Говорить и думать неохота.
Говорить и думать никогда.
Можно поспорить, какое именно стихотворение считать кульминацией в сюжете «Путеводителя», думается, что предпочтения у каждого читателя будут свои, но у «Константина» достаточно много шансов стать высшей точкой напряжения в этом поэтическом повествовании.
В «Калифорнийских деревьях» место действия было обозначено автором как «нигде», в котором ведутся диалоги с «дорогой пустотой». В «Домотканых половиках» временная точка координат – «никогда». Остается разобраться, кто же главный герой этого путешествия. Ответ очевиден – «никто». И тема «пустоты вместо «я» раскрыта в третьем разделе «Великое отсутствие».
Отсылкой в Батюшкову звучит первое же стихотворение в этой части «Домосед», ну а «Странствователя» читатель весьма символично встретил ещё в самом начале книги в стихотворении «Деревья Калифорния»:
Палые плоды лежат в покое,
Воздух электрический дрожит.
Стрáнствователь, видевший такое,
Непременно смерти убежит.
Внутренний сюжет «Путеводителя» подошёл к развязке, круг замкнулся. Если в «Деревьях Калифорнии» странствователь видит «палые плоды», то в «Домоседе» читаем:
Для плодов на яблоне осенней,
Для бегущего веретена,
Для круговорота превращений
Надобен несущий семена.
«Великое отсутствие» – поиск «несущего семена», попытка определить кто же этот «никто», что есть «я». Эпиграф из Батюшкова к третьему разделу звучит предостережением: «Есть странствиям конец – печалям никогда» («Воспоминания»). Действительно, большинство текстов из «Великого Отсутствия» проникнуты всеми оттенками и разновидностями печали: от романтической ностальгии до глубокой тоски.

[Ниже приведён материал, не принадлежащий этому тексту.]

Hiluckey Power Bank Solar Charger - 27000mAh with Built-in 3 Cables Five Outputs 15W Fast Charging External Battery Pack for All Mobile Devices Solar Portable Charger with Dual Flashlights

Финал «Путеводителя» – стихотворение «Путевой лист». В нём всё, о чём ранее говорил автор, объединено и расставлено на свои места. «Я не был в америке. Я был в лесу, / Где всё исчезает в десятом часу», – заявляет поэт. Тут и иллюзорность реального мира, и обращение к теме великой пустоты, и мотив возвращения на родину, столь характерный для поэтов-вологжан, что землячка Антона Черного поэтесса Ната Сучкова написала:
Если судить по сноскам,
то все поэты Свердловска
переезжали да переезжали
и вот уже – за рубежами.
Если судить по говору,
то все поэты Вологды
всё собираются — не соберутся
или успели вернуться.
Заканчивается «Путевой лист» вполне в духе автора, принадлежащего к «вологодской школе»: вологда (именно так с маленькой буквы) оказывается моделью земного шара («я круглую вологду прятал в карман»), маленьким миром, вместившим в себя огромный мир:
По круглому шару всё шёл я и шёл,
И сделалось мне хорошо-хорошо.
И сердце тревожно забилось.
И вологда пригодилась.
Подытожим вслед за поэтом: согласно сюжету «никто» отважно побыл в «нигде и никогда» и, заплатив весьма тяжёлую «дань сердца», «ни лучше, ни умней под кров домашний воротился», где ждут его неизбывные печали. Что-то отчаянно знакомое сквозит в этом раскладе. Конечно, Екклизиаст, знаменитое и «зацитированное»: «Кто умножает познания, умножает скорбь». Критик Андрей Пермяков замечает, что для вологжан библейские мотивы имеют особое значение и «ветхозаветных мотивов мы встречаем в стихах больше, нежели собственно христианских аллюзий».
Конечно, в одной рецензии нельзя перечислить все «пасхалки», намёки, побуждающие читателя к размышлению», о которых заявил Антон Чёрный. Он оставляет читателям книгу-игру в путешествие, которое как бы и было, но как бы и не было. Сыграть с ним в «Путеводитель» обязательно стоит – это щекочущий нервы прыжок в пустоту, из которой вы непременно вернётесь, потому что все возвращаются.
____________
* О термине «вологодская поэтическая школа» и о самом её существовании продолжаются споры авторов, критиков, филологов, читателей. Для определения этого явления используются также такие словосочетания, как «вологодский феномен», «вологодский парадокс» и т.п. Эта рецензия не ставит перед собой цель ни решить спор, ни углубиться в него.
_________________________
Использованные источники:
1. Мелёхина Н. Туда и обратно // Вологда.РФ. – 2020. – 17 июня.
2. Пермяков А. К пятилетнему юбилею серии «Том писателей»//Вестник ВоГУ. – 2020. – №2.